ACTION ITEM:
Where a picture appears, skip it and copy everything else in the listing exactly.
::::::
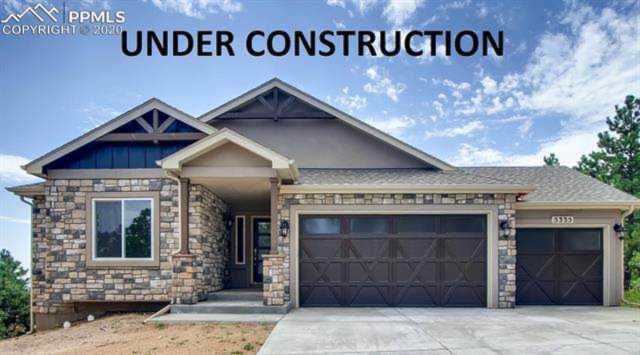 651 High Lonesome View Colorado Springs, CO 80906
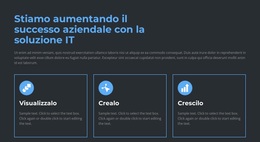 Creiamo E Vendiamo - Tema WordPress Esclusivo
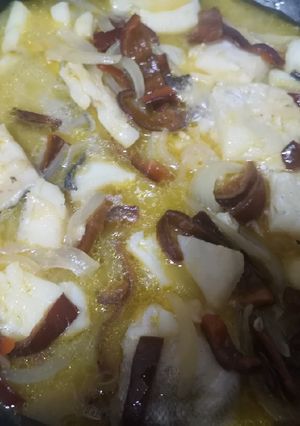 Una foto de Bacalao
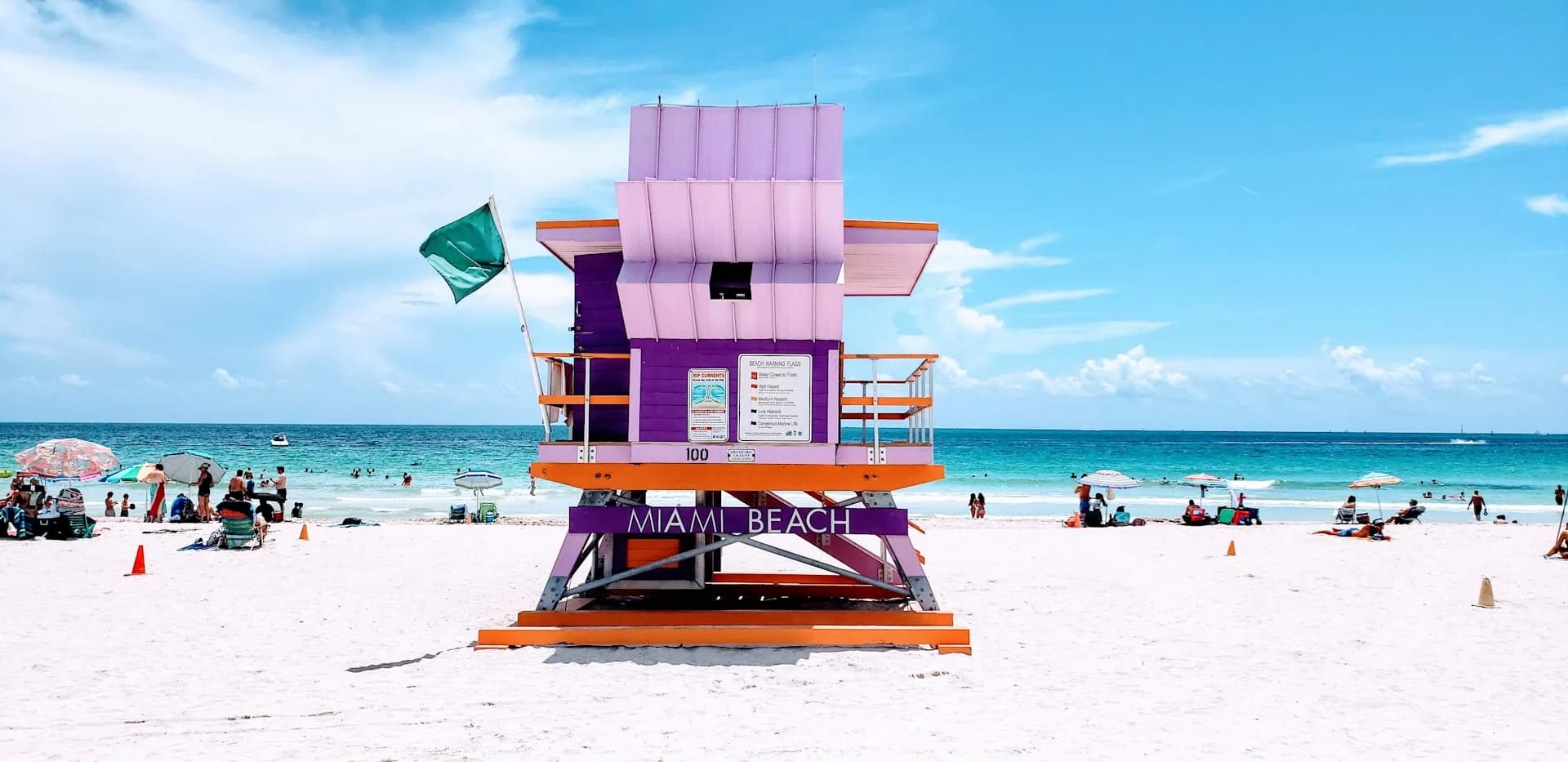 Beach Time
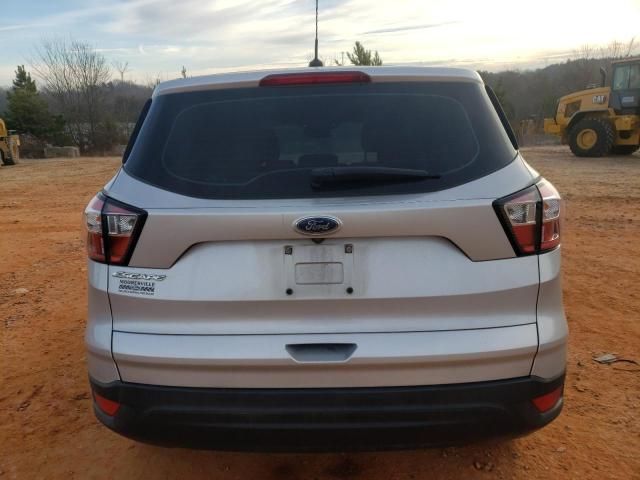 2018 Ford Escape S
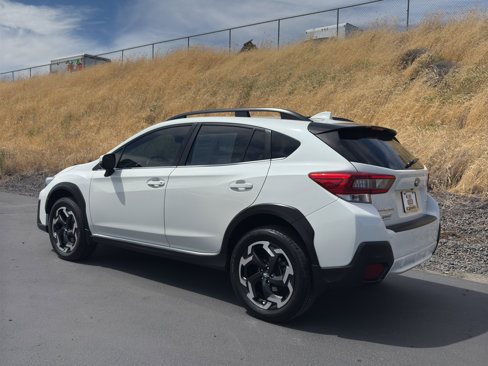 Used 2022 Subaru Crosstrek 2.5i Limited w/ Moonroof Package 2 image 6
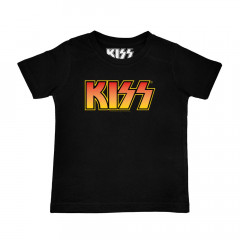 Camiseta Kiss para niños Logo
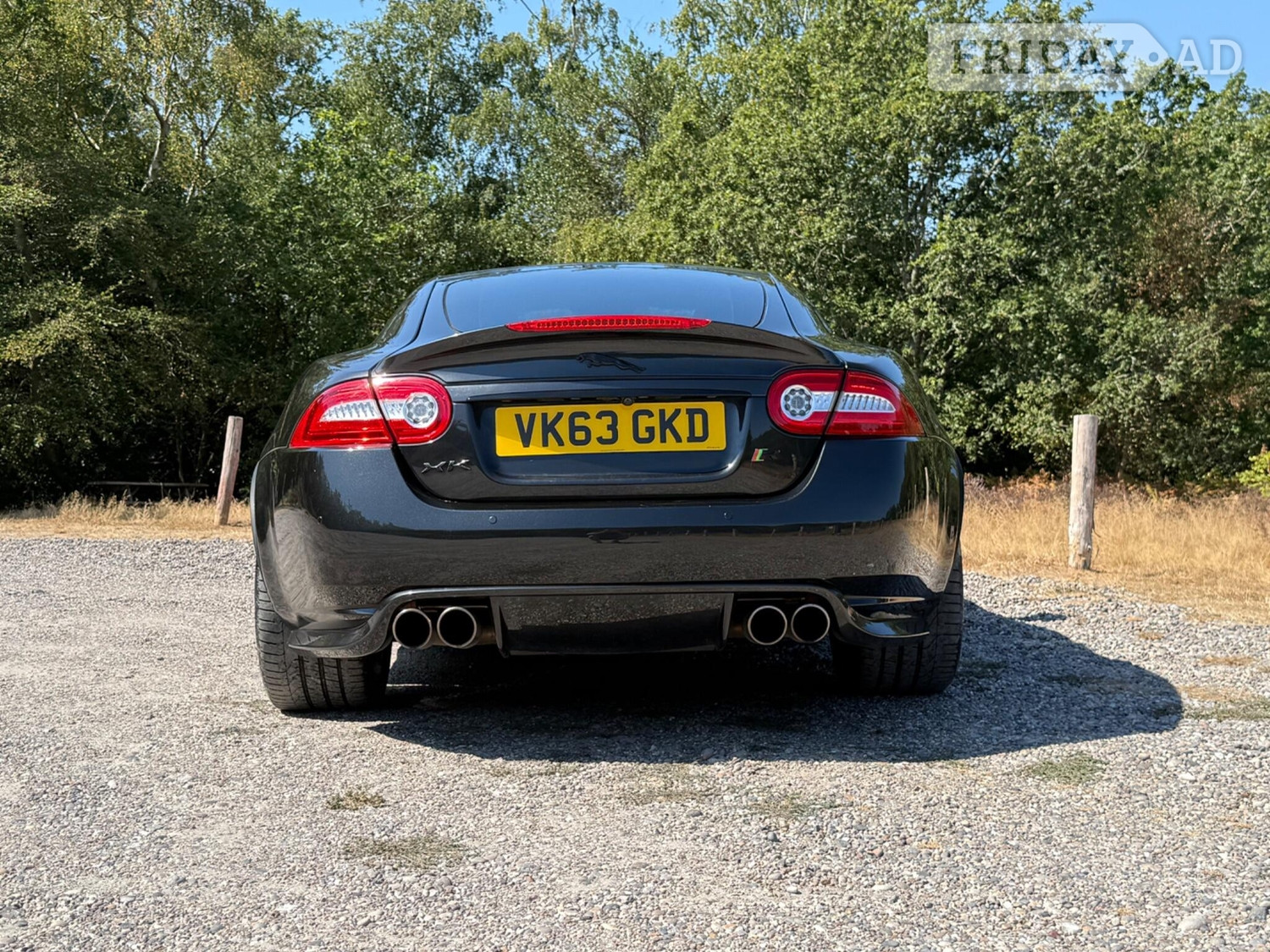 Jaguar XKR 2013 - Cars in Bromley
::::::
SOLUTION:
 651 High Lonesome View Colorado Springs, CO 80906
 Creiamo E Vendiamo - Tema WordPress Esclusivo
 Una foto de Bacalao
 Beach Time
 2018 Ford Escape S
 Used 2022 Subaru Crosstrek 2.5i Limited w/ Moonroof Package 2 image 6
 Camiseta Kiss para niños Logo
 Jaguar XKR 2013 - Cars in Bromley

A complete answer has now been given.